> _Given records_:
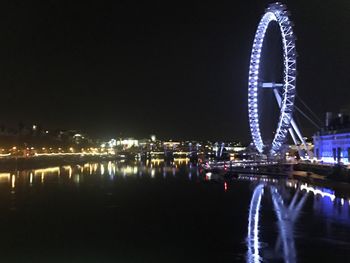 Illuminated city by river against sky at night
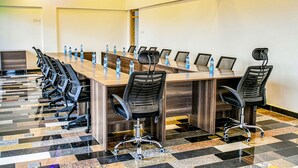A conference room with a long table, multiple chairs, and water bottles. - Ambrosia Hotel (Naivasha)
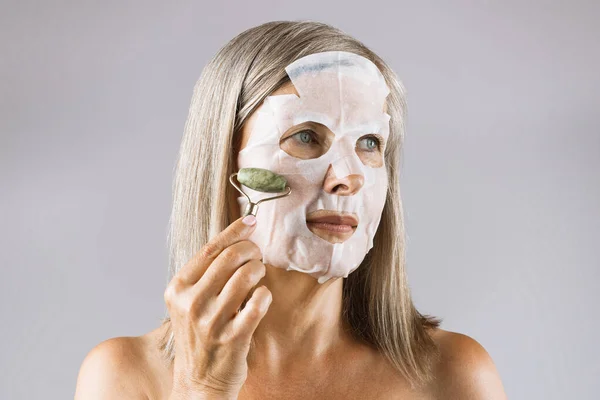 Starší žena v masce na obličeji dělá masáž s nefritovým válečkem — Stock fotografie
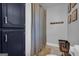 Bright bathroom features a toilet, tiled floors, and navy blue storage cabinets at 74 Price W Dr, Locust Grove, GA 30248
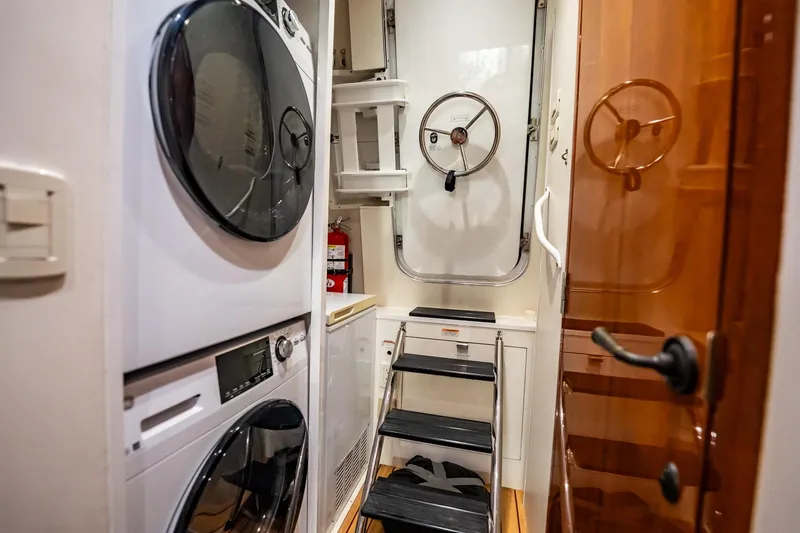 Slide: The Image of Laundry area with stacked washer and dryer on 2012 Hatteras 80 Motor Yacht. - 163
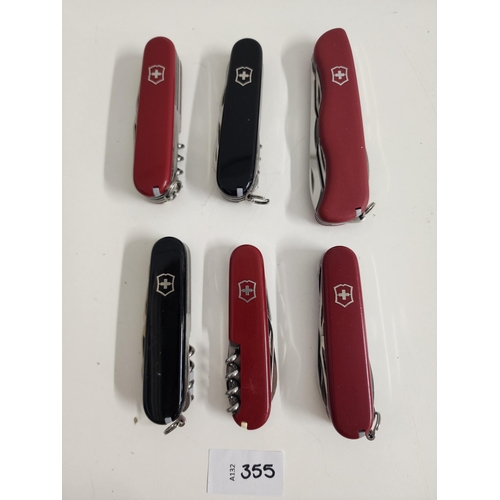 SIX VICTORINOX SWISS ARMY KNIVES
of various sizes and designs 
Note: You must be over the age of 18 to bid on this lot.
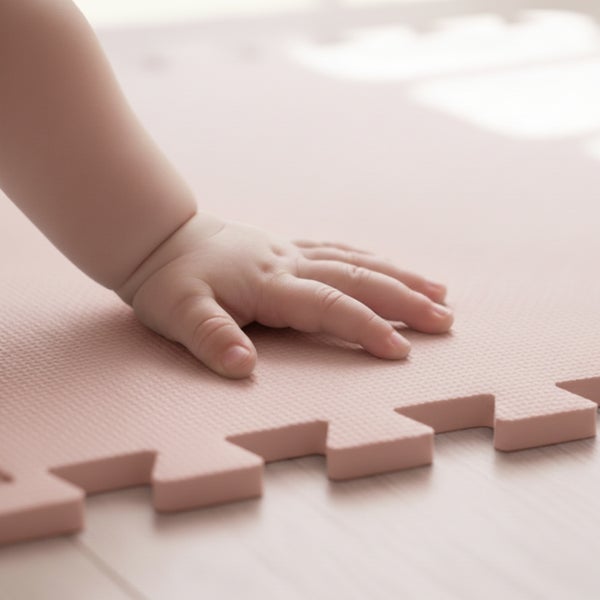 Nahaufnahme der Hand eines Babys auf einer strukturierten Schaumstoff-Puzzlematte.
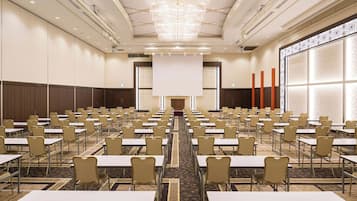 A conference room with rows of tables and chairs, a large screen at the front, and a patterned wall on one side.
---
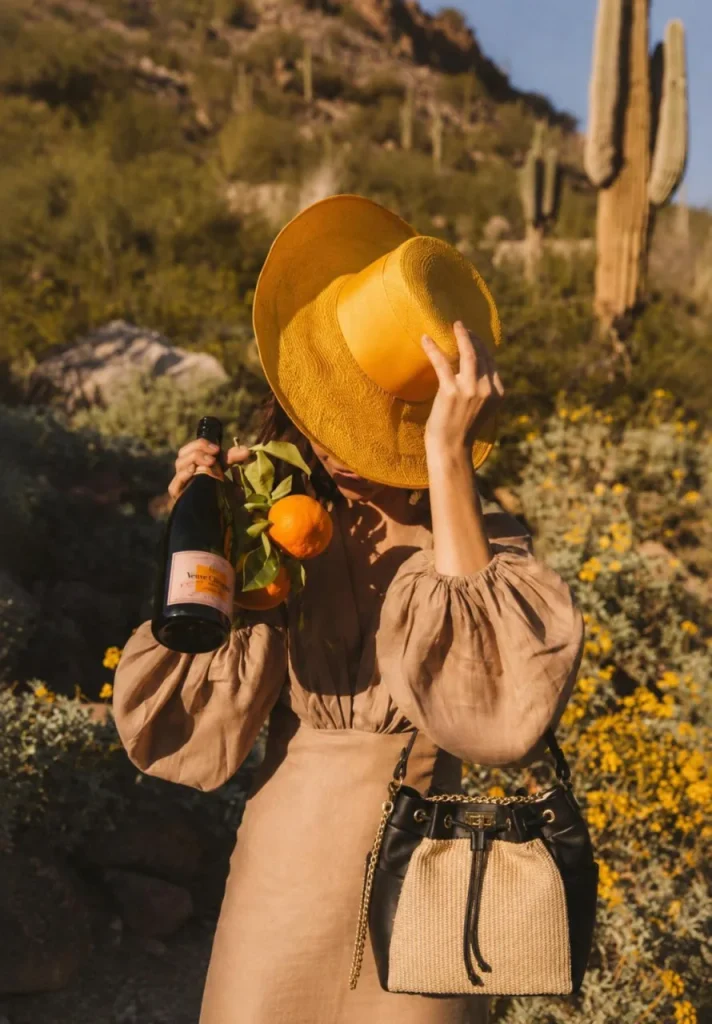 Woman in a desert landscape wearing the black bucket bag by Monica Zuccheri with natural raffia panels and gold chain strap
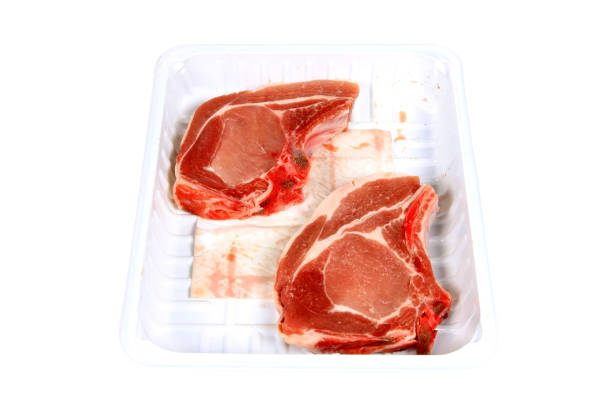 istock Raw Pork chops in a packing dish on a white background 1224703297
--
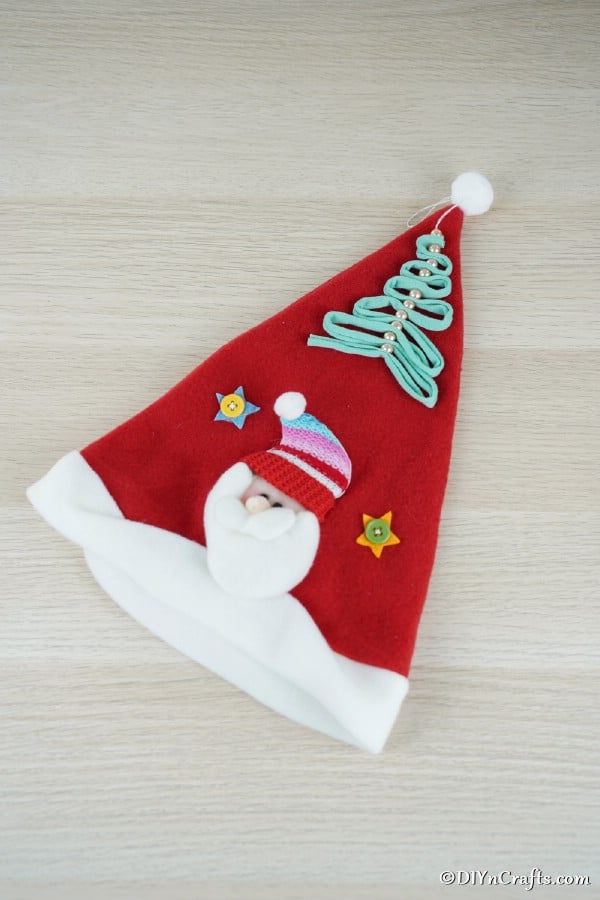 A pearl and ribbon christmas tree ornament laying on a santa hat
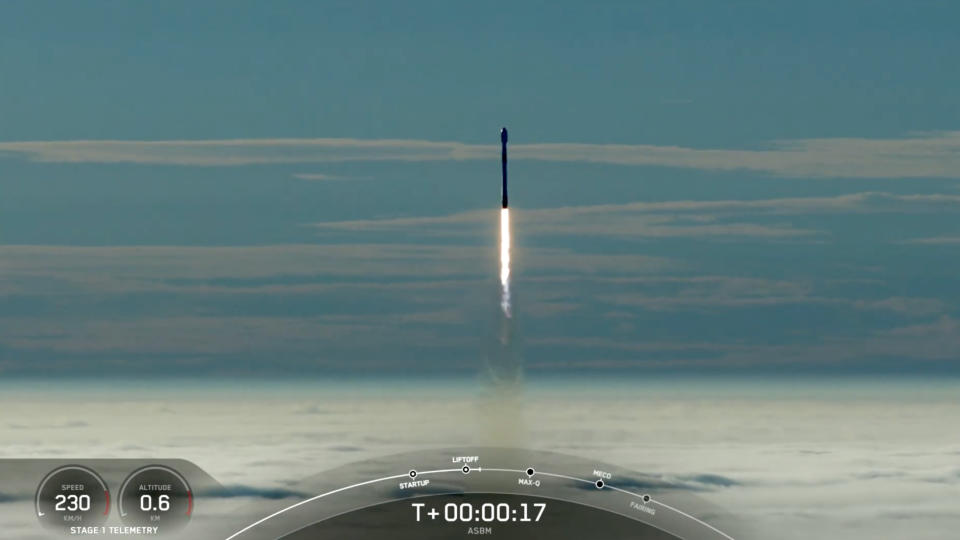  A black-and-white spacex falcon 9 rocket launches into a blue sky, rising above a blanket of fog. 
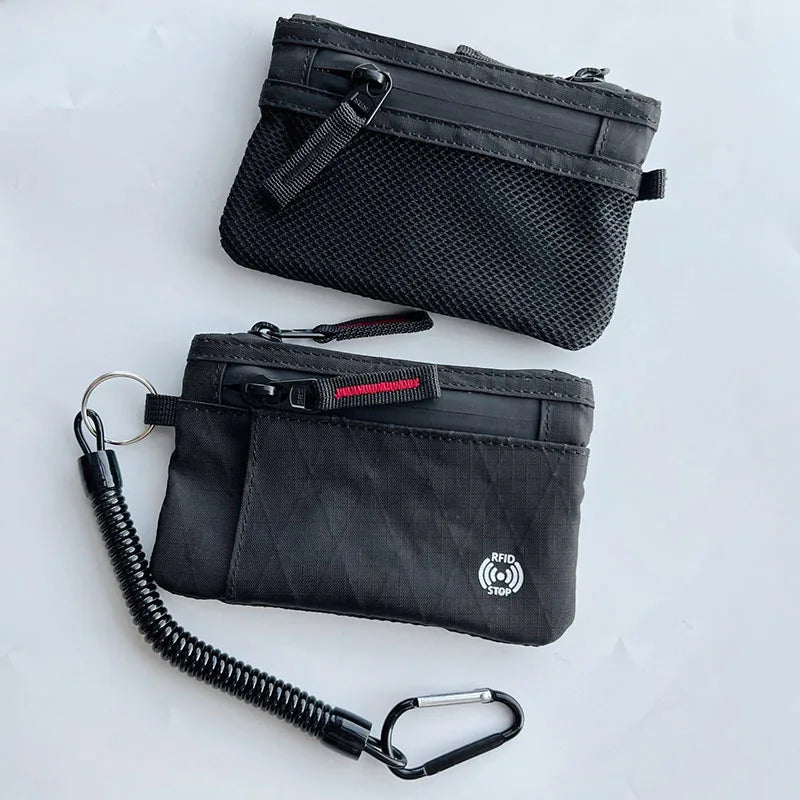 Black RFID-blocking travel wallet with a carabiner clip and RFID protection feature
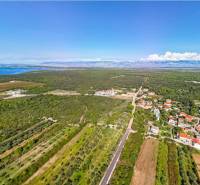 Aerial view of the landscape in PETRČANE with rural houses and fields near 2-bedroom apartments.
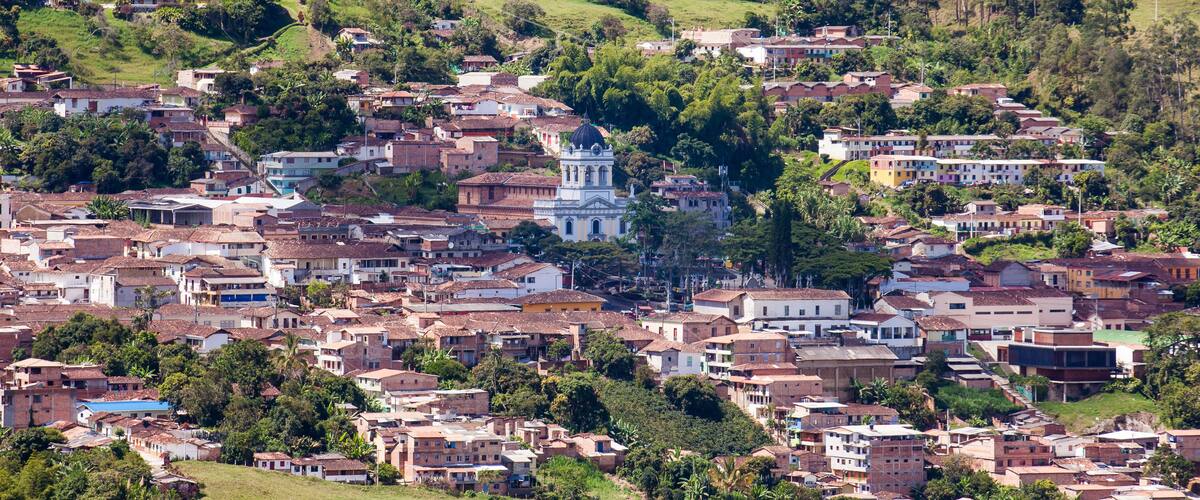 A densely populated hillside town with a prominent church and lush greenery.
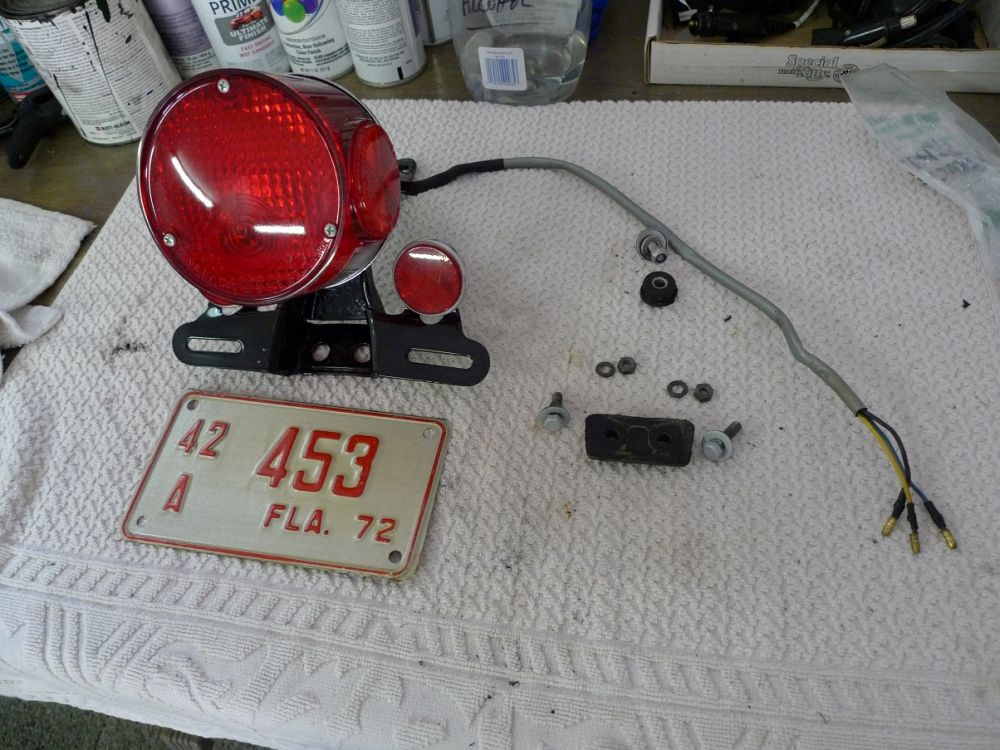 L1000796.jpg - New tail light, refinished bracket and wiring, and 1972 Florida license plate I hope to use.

> _Exercise instructions_:
Starting at the line above that contains "Aerial view of", transcribe every line exactly through the line that contains "L1000796.jpg - New", including that last one, and skip the pictures.

> _Answer to this task_:
 Aerial view of the landscape in PETRČANE with rural houses and fields near 2-bedroom apartments.
 A densely populated hillside town with a prominent church and lush greenery.
 L1000796.jpg - New tail light, refinished bracket and wiring, and 1972 Florida license plate I hope to use.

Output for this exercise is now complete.